Transcribe each line of the material as it is, and drop any picture.

Provided material =
---+---

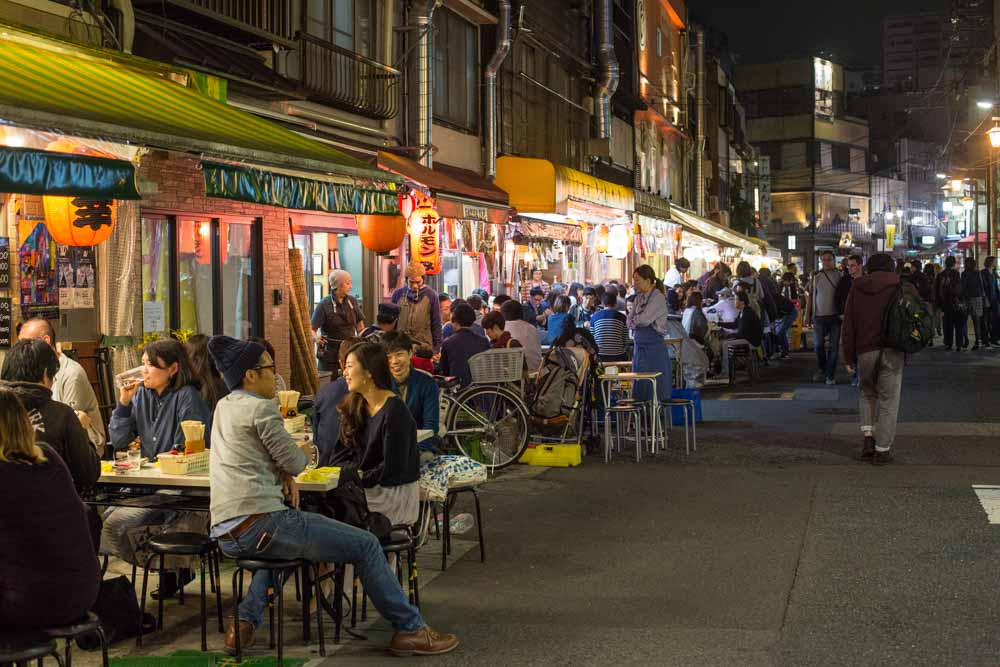 Hoppy Street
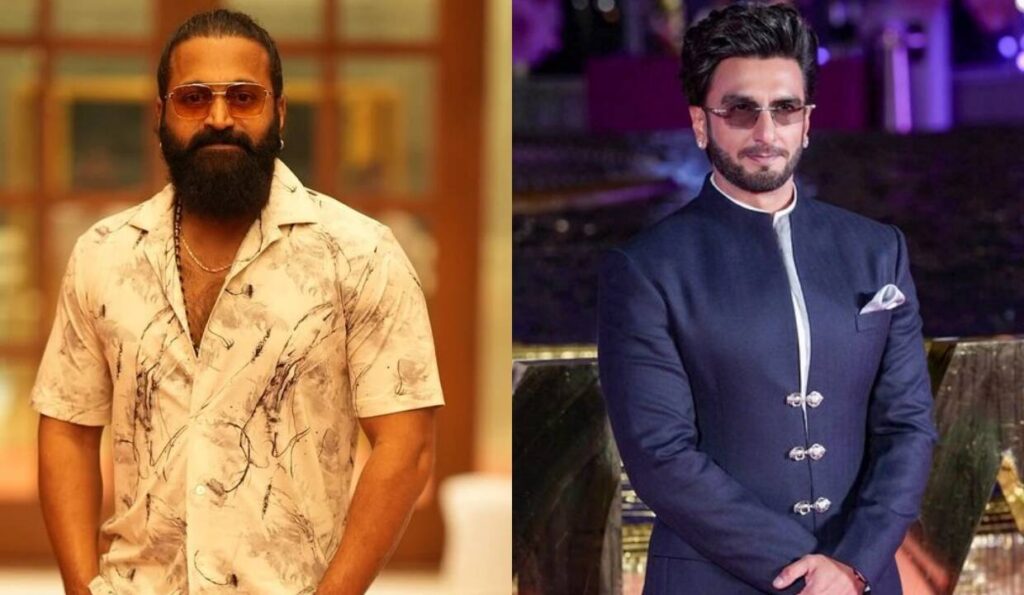 आमिर, Mammootty, ऋषभ और रणवीर ने IFFM में बेस्ट एक्टर श्रेणी में बनाई धाक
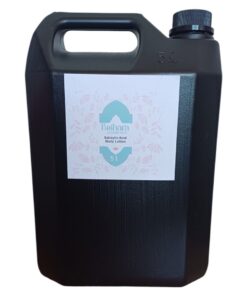 5L Bishara Cosmetics Salicylic Acid Body Lotion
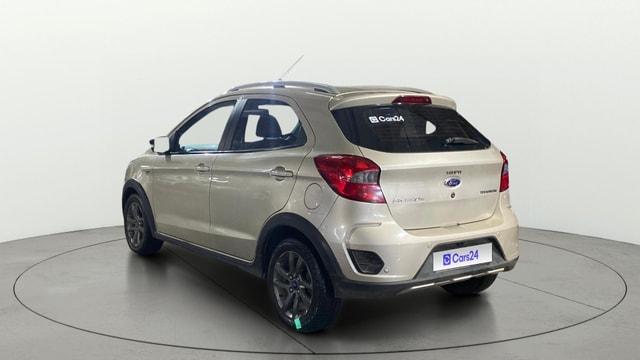 View Ford Freestyle Image 2 Used Ford Freestyle Image 2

---+---

The answer =
 Hoppy Street
 आमिर, Mammootty, ऋषभ और रणवीर ने IFFM में बेस्ट एक्टर श्रेणी में बनाई धाक
 5L Bishara Cosmetics Salicylic Acid Body Lotion
 View Ford Freestyle Image 2 Used Ford Freestyle Image 2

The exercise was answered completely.